For situations where complexity is mounting, working with a specialist tax consultant can prevent small errors from becoming expensive HMRC enquiries.

Our view: Why tax efficiency is your growth lever, not just compliance

Most founders we speak to treat tax planning as a defensive exercise: something to get right so nothing goes wrong. That framing is understandable, but it is also limiting.

The founders who reach Series A in the strongest position are almost always those who started tax planning at pre-seed. Not because they saved a few thousand pounds in corporation tax, but because their SEIS structure was clean, their R&D claims were credible, and their cap table told a coherent story to investors. Tax efficiency, done well, is a fundraising asset.

We have seen founders lose investor interest not because their product was weak, but because their SEIS advance assurance had lapsed or their R&D claim was under HMRC enquiry. These are avoidable problems. Understanding why tax planning matters at the strategic level, not just the compliance level, is what separates founders who scale from those who stall.

Treat tax efficiency as a top-three growth tool alongside product and hiring. The returns are measurable and the risks of inaction are real.

Start optimising your tax position with expert support

The strategies in this guide are actionable, but the detail matters enormously. A small error in your SEIS structure or R&D claim can cost you far more than the cost of getting expert support from the outset.

https://priceandaccountants.com

At Price & Accountants, we work with tech and fintech founders from pre-seed through Series A, providing bespoke tax strategies, R&D tax credits claims management, and advisory tax planning that goes well beyond standard compliance. Whether you need a full tax efficiency review, help securing HMRC advance assurance, or an outsourced finance director to guide your next funding round, our team is ready. Visit Price & Accountants to find out how we can support your growth.
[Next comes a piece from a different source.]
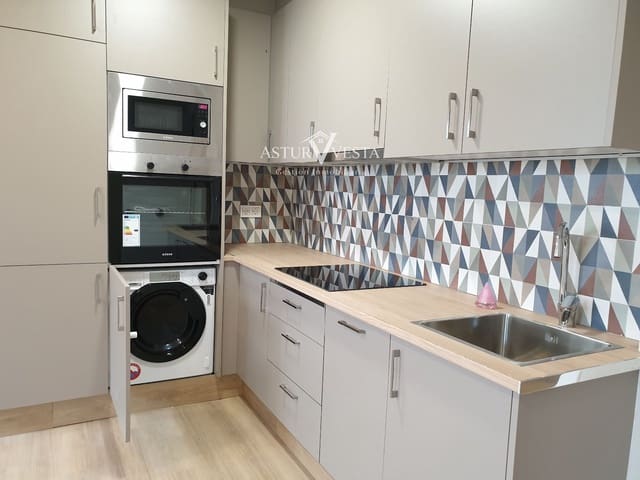 1 bedroom Flat for sale in Tapia de Casariego with garage - € 175,000 (Ref: 9857946)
Frequently asked questions

Who qualifies for SEIS and EIS tax reliefs as a founder?

Your company must be a UK limited company meeting the relevant criteria on age, gross assets, and employee count. For SEIS, the company must be under 3 years old with gross assets of £350,000 or less, while EIS allows up to 7 years and £15 million in gross assets.

What records do I need to claim R&D tax credits?

You will need detailed project descriptions, a breakdown of qualifying R&D expenditure, and evidence of the scientific or technical uncertainty your work addressed. Since April 2023, HMRC also requires an Additional Information Form submitted before your Corporation Tax return, as part of the merged R&D scheme requirements.

Is it better for founders to take salary or dividends?

A combination of a modest salary and dividends typically delivers the best tax outcome, reducing NICs whilst making use of lower dividend tax rates. The right split depends on your company’s distributable reserves, funding agreements, and personal tax position, as outlined in the salary and dividend guidance.

When should I apply for SEIS/EIS advance assurance?

Always apply before pitching to investors or agreeing any terms. The advance assurance process gives investors confidence that their relief will be valid, and skipping it is one of the most common reasons early-stage deals fall through at due diligence.